(1) "Claims processing services" means the administrative services performed in connection with the processing and adjudicating of claims relating to pharmacist services that include:
(A) Receiving payments for pharmacist services;
(B) Making payments to pharmacists or pharmacies for pharmacist services; or
(C) Both subdivisions (1)(A) and (B) of this section;
(2)
(A) "Health benefit plan" means any individual, blanket, or group plan, policy, or contract for healthcare services issued or delivered by a healthcare insurer in this state.
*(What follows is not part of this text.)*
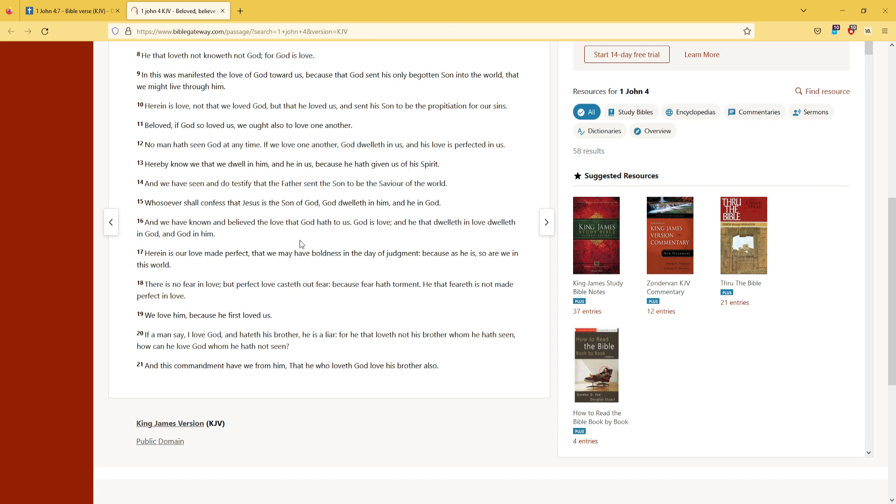We love him, because he first loved us. If a man say, I love God, and hateth his brother, he is a liar.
(B) "Health benefit plan" does not include:
(i) Accident-only plans;
(ii) Specified disease plans;
(iii) Disability income plans;
(iv) Plans that provide only for indemnity for hospital confinement;
(v) Long-term care only plans that do not include pharmacy benefits;
(vi) Other limited-benefit health insurance policies or plans; or
(vii) Health benefit plans provided under Arkansas Constitution, Article 5, § 32, the Workers' Compensation Law, § 11-9-101 et seq., and the Public Employee Workers' Compensation Act, § 21-5-601 et seq.;
(3) "Healthcare insurer" means an insurance company, a health maintenance organization, or a hospital and medical service corporation;
(4) "Other prescription drug or device services" means services other than claims processing services, provided directly or indirectly, whether in connection with or separate from claims processing services, including without limitation:
(A) Negotiating rebates, discounts, or other financial incentives and arrangements with drug companies;
(B) Disbursing or distributing rebates;
(C) Managing or participating in incentive programs or arrangements for pharmacist services;
(D) Negotiating or entering into contractual arrangements with pharmacists or pharmacies, or both;
(E) Developing formularies;
(F) Designing prescription benefit programs; or
(G) Advertising or promoting services;
(5) "Pharmacist" means an individual licensed as a pharmacist by the Arkansas State Board of Pharmacy;
(6) "Pharmacist services" means products, goods, and services, or any combination of products, goods, and services, provided as a part of the practice of pharmacy as defined in § 17-92-101;
(7) "Pharmacy" means the same as defined in § 17-92-101;
(8)
(A) "Pharmacy benefits manager" means a person, business, or entity, including a wholly or partially owned or controlled subsidiary of a pharmacy benefits manager, that provides claims processing services or other prescription drug or device services, or both, for health benefit plans.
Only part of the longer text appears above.